- What you should do
You are asked to reproduce the listing exactly and to omit its pictures.

- Input data
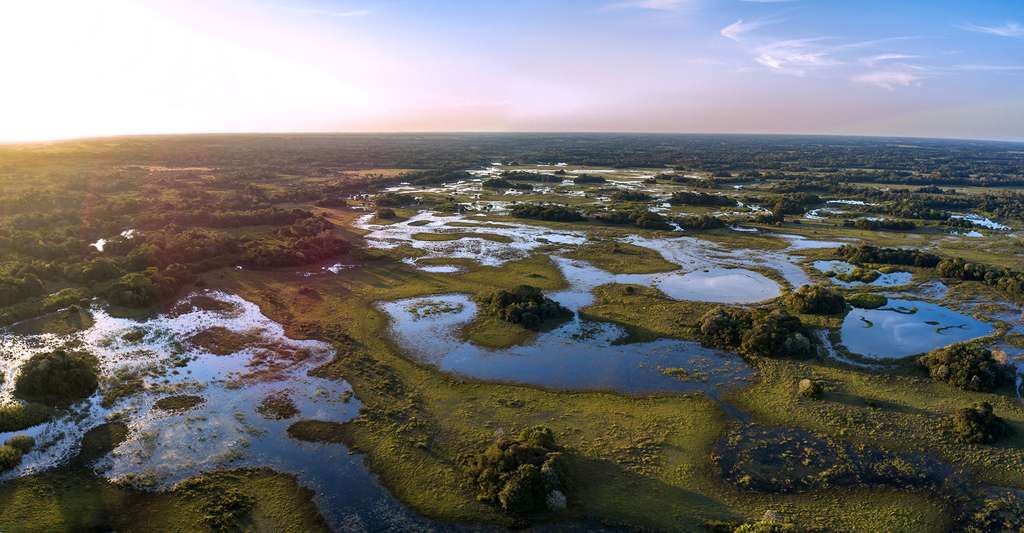 Le Pantanal, la plus grande prairie humide de la Planète Le Pantanal, la plus grande prairie humide de la Planète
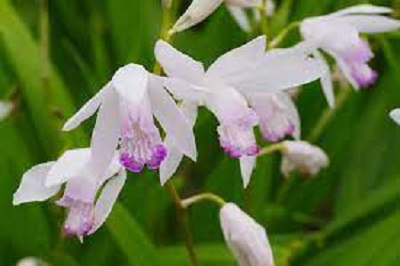 Orchid, Ground Orchid, Bletilla Kuchibeni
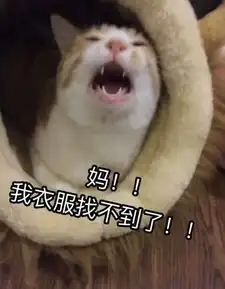  本宝宝饿了表情包
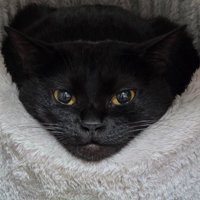 グレーのペット用ベッドに入っている猫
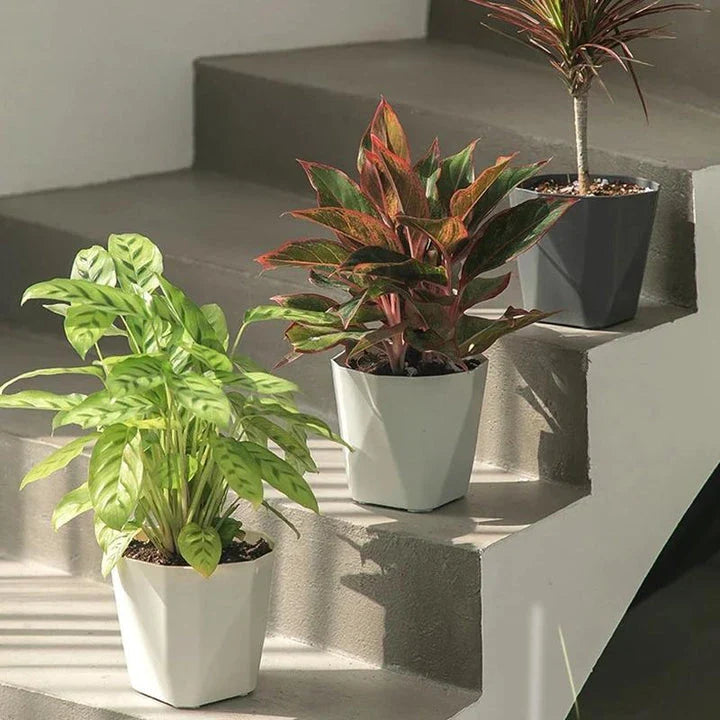 Nordic-style resin flower pot in grey, featuring a minimalist design and suitable for indoor use in UK homes and offices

- Answer box
 Le Pantanal, la plus grande prairie humide de la Planète Le Pantanal, la plus grande prairie humide de la Planète
 Orchid, Ground Orchid, Bletilla Kuchibeni
  本宝宝饿了表情包
 グレーのペット用ベッドに入っている猫
 Nordic-style resin flower pot in grey, featuring a minimalist design and suitable for indoor use in UK homes and offices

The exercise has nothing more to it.